Heureusement, toutes choses bues jusqu’à la lie, il reste et restera toujours de quoi rigoler. Jadis, on écrivait des libelles pour se moquer des puissants et des princes. Pamphlets, satires, ou billets injurieux, qui réjouissaient les foules et les vengeaient un peu, couraient les rues et les marchés. C’était d’ailleurs si dangereux pour le pouvoir qu’avant la Révolution, la plupart des libellistes se planquait sous des pseudonymes pour ne pas se faire écourter.

Comment aurait-on, sous la Restauration, assaisonné ce « Par où j’pourrais sortir sans être vu ? » Comment se serait-on gaussé des puissants, des marchands du monde ou des médiocres « quenelleurs » ? Paul-Louis Courier, redouté pamphlétaire, l’aurait su, lui qui écrivait en son temps : « Laissez le gouvernement percevoir des impôts et répandre des grâces ; mais, pour Dieu, ne l’engagez point à se mêler de nos affaires. Souffrez, s’il ne peut nous oublier, qu’il pense à nous le moins possible. Ses intentions à notre égard sont sans doute les meilleures du monde, ses vues toujours parfaitement sages, et surtout désintéressées ; mais, par une fatalité qui ne se dément jamais, tout ce qu’il encourage languit, tout ce qu’il dirige va mal, tout ce qu’il conserve périt, hors les maisons de jeu et de débauche. »*

Vu la gabegie de la presse et le vide intersidéral de la télé-marchande, il est probable qu’aujourd’hui, un Courier ou un Cormenin auraient tenu un blog.

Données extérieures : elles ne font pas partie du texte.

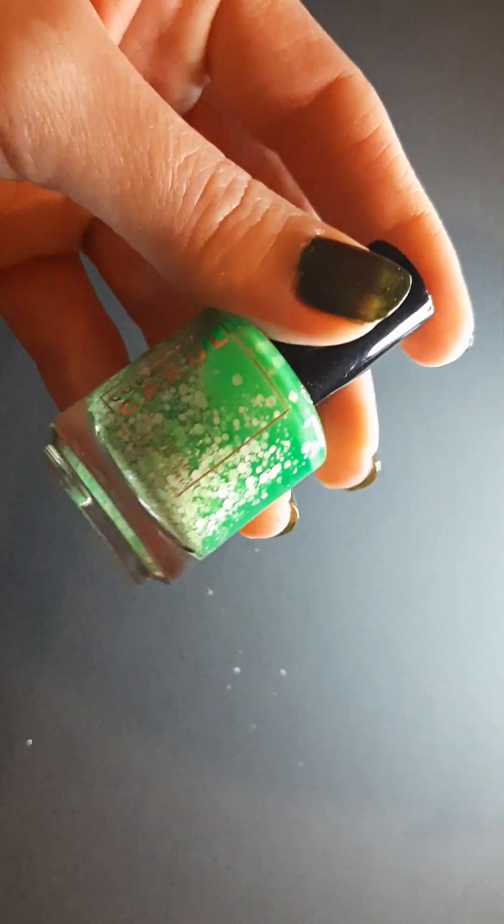Hi guys, it's Suzanne and I'm back again with another Black Friday haul, and this one is from Clarista D Carol. It appears that I got six polishes from her Black Friday sale, so let's just get right into it.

Pour caresser un peu vos neurones épuisés, cliquez ici et lisez donc tranquillement ce génial « Pamphlet des pamphlets », ode à l’esprit critique, à la liberté de dire et de rire, petit bijou mis en ligne par la Bibliothèque Municipale de Lisieux. « L’Anglais navigue, l’Arabe pille, le Grec se bat pour être libre, le Français fait la révérence, et sert ou veut servir ; il mourra s’il ne sert. Vous êtes, non le plus esclave, mais le plus valet de tous les peuples », dit sir John Bickerstaff, l’ami anglais cité dans la deuxième partie de ce savoureux texte. Évidemment, ces propos d’un autre temps ne peuvent absolument pas convenir à la situation actuelle ni refléter, ne serait-ce que d’un minuscule éclat, la vérité de notre époque, n’est-ce pas ? Non, non, non, évidement. Et il est entendu que la petite phrase de sir John lui vaudrait, aujourd’hui, une série complète de plaintes judiciaires parfaitement méritées.

D’ailleurs, il est déjà quatre heures. Votre humble serviteur.

Le Titanic s’enfonce
Par l’avant, par l’arrière
Y’a pas assez d’chaloupes
Trop d’pauvres dans les soutes…
« Les riches et les puissants d’abord ! » braillent les officiers
« Par où j’pourrais sortir sans être vu ? » demande alors le capitaine
« Par où j’pourrais sortir sans être vu ? »

* Pas sûr que Courier, grand helléniste devant l’Éternel, ait lu Lao Tseu. Toutefois, il aboutit aux mêmes conclusions que le Vieux. Ce qui tendrait à prouver, si besoin était, que les sages grecs et les sages taoïstes ont beaucoup en partage.

36 réponses

    1. On pourrait continuer… :)

      Sur les pelouses millionnaires
      Un bras d’honneur pervers
      Et le Systèm’, sans crier gare,
      Priv’ de ses picaillons sa star…
      « Le flouze et les contrats d’abord ! » braillent les officiels
      « Par où j’pourrais sortir sans être vu ? » demande alors le footballeur
      « Par où j’pourrais sortir sans être vu ? »

  1. Ce monde est, aussi, louche qu’anesthésiant, une masse de gens ne se sentent pas dans leur assiette, sont à couteaux tirés avec leurs banquiers et sont à ramasser à la petite cuillère.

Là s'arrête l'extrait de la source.